Machine-generated data is a whole other can of worms. Paradigmatic examples of what I mean by machine-generated data include:
- Computer, network, and other equipment logs
- Satellite and similar telemetry (whether for espionage or science)
- Location data such as RFID chip readings, GPS system output, etc.
- Temperature and other environmental sensor readings
- Sensor readings from factories, pipelines, etc.
- Output from many kinds of medical device, in hospitals and (increasingly) homes alike
Unlike human-generated data, whose growth is constrained by macro factors such as population and total level of economic activity, machine-generated data will continue to grow as fast as Moore’s Law lets it. That fact has two profound consequences:
- It is unrealistic to hope ever to keep most or all machine-generated data, whereas I think that’s exactly what should and will happen with human-generated data
- Before long, most data (by volume) will be machine-generated
And so it is not really an exaggeration to say that machine-generated data is the future of data management.
I’d like to close this long post by immediately pointing out some of the flaws in this simple trichotomy. One obvious gray area lies in hybrid human/machine-generated data, three big examples of which are:
- Web clickstreams
- Call detail records (CDR)
- Stock trades
In all three cases, we are quickly getting to the point where this data is preserved in its entirety (even if the network event data associated with the web logs is reduced before storage). And in each case it fits pretty well into RDBMS, although Hadoop has a role to play as well. So pretending it’s purely human-generated probably isn’t all that misleading.

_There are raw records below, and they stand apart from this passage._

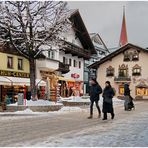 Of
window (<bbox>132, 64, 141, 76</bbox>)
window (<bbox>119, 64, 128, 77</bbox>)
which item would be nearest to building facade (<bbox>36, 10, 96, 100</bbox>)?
window (<bbox>119, 64, 128, 77</bbox>)

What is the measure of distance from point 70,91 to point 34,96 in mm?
29722

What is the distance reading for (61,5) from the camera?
2670cm

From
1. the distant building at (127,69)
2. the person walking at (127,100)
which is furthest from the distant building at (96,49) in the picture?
the person walking at (127,100)

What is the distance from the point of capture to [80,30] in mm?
57375

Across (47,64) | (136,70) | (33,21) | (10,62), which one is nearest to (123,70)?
(136,70)

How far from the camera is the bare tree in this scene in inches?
1006

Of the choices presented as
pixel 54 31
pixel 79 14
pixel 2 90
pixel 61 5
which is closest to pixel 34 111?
pixel 54 31

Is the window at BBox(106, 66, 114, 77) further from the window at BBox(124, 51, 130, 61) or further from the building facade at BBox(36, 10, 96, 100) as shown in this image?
the building facade at BBox(36, 10, 96, 100)

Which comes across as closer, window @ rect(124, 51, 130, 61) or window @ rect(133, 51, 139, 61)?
window @ rect(133, 51, 139, 61)

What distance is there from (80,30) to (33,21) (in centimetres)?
3169

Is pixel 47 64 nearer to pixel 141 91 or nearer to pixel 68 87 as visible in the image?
pixel 68 87

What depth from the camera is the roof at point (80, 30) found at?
173 feet

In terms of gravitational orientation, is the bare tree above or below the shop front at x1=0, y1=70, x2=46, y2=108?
above

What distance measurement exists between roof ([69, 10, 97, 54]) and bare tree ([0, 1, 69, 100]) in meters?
23.7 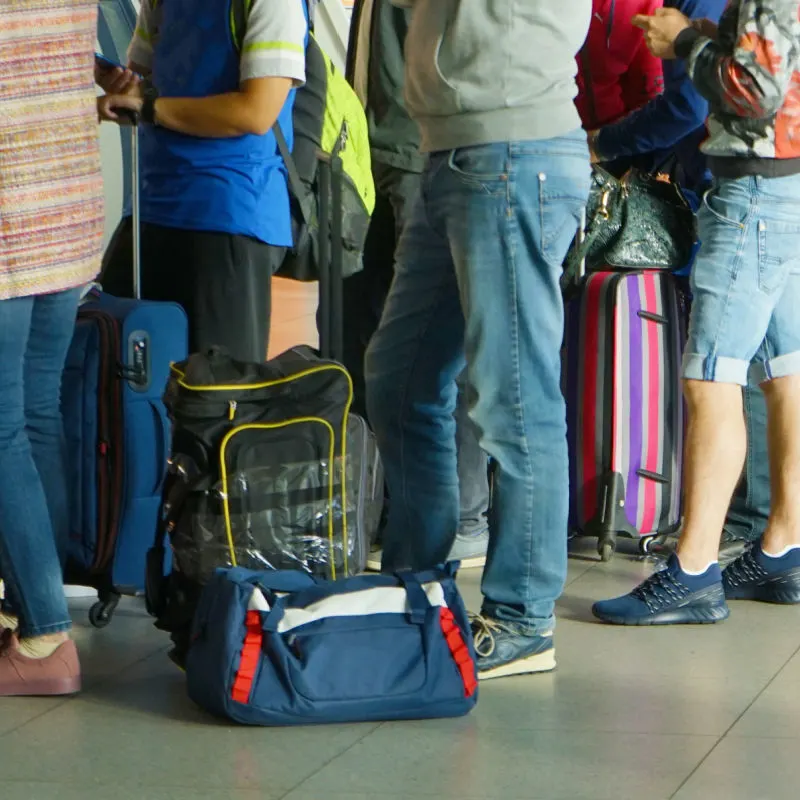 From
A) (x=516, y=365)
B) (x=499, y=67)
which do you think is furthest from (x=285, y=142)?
(x=516, y=365)

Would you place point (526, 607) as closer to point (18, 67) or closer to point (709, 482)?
point (709, 482)

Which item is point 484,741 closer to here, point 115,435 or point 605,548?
point 115,435

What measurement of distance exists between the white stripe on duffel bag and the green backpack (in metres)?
1.24

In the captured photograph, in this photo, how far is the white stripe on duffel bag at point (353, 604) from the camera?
8.63 ft

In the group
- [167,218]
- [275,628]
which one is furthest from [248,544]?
[167,218]

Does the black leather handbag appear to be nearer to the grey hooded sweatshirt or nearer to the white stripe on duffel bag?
the grey hooded sweatshirt

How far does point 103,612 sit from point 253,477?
1.96ft

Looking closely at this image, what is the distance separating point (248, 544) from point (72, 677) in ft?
1.32

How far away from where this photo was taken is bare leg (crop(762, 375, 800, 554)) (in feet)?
11.7

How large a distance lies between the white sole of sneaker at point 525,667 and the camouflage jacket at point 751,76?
1175mm

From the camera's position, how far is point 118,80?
3.28 meters

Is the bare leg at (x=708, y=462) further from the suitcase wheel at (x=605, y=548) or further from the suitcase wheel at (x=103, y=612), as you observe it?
the suitcase wheel at (x=103, y=612)

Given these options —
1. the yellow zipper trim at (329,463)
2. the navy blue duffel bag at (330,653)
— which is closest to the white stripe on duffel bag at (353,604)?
the navy blue duffel bag at (330,653)

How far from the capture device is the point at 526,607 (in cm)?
293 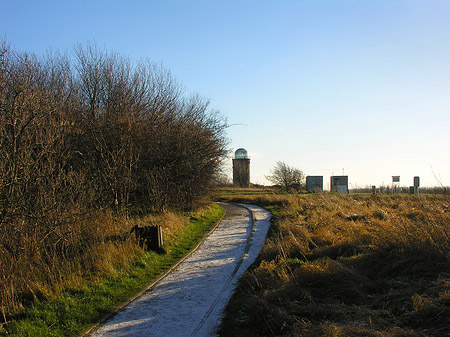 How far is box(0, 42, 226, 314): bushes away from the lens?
26.9 feet

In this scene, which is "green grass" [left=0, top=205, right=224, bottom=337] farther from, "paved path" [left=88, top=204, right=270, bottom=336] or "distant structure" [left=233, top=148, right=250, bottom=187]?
"distant structure" [left=233, top=148, right=250, bottom=187]

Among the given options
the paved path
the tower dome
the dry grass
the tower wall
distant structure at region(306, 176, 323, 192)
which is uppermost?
the tower dome

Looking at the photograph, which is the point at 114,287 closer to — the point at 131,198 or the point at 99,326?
the point at 99,326

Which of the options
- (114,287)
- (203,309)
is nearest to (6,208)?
(114,287)

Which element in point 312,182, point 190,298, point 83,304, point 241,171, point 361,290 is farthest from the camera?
point 241,171

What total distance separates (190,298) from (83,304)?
2131 millimetres

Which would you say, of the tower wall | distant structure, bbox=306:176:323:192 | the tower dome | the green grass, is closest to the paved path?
the green grass

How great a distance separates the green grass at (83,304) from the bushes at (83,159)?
2.11 ft

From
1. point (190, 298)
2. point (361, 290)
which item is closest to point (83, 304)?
point (190, 298)

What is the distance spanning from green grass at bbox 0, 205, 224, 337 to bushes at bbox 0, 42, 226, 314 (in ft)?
2.11

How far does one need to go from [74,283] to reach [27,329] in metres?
2.03

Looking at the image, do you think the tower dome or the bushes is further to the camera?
the tower dome

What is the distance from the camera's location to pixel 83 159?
617 inches

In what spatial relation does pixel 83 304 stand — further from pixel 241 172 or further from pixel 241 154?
pixel 241 154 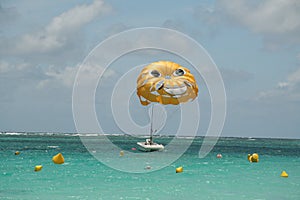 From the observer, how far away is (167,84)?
1014 inches

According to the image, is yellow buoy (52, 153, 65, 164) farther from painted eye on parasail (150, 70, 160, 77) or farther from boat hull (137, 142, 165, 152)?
boat hull (137, 142, 165, 152)

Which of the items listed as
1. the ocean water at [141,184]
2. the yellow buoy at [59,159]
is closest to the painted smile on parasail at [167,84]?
the ocean water at [141,184]

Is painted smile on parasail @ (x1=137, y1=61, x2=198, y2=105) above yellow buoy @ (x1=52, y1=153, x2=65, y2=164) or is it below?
above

Another gray area lies in text that gets linguistically processed – i.e. via text-mining tools – with the output placed into a relational database. I don’t immediately see a workaround for that flaw in my labeling scheme. So let’s just say no taxonomy is perfect.*
*Come to think of it, that’s one of the problems holding back text-mining technology.
But the biggest oversimplification stems from this:
As Mike Stonebraker* and I argued a couple of years ago, I really think that database management technologies should be divided into 10+ categories.
*Note: The links to Stonebraker’s own posts will be broken until Vertica’s webmaster gets his/her act together. But you can find them under other URLs via web search.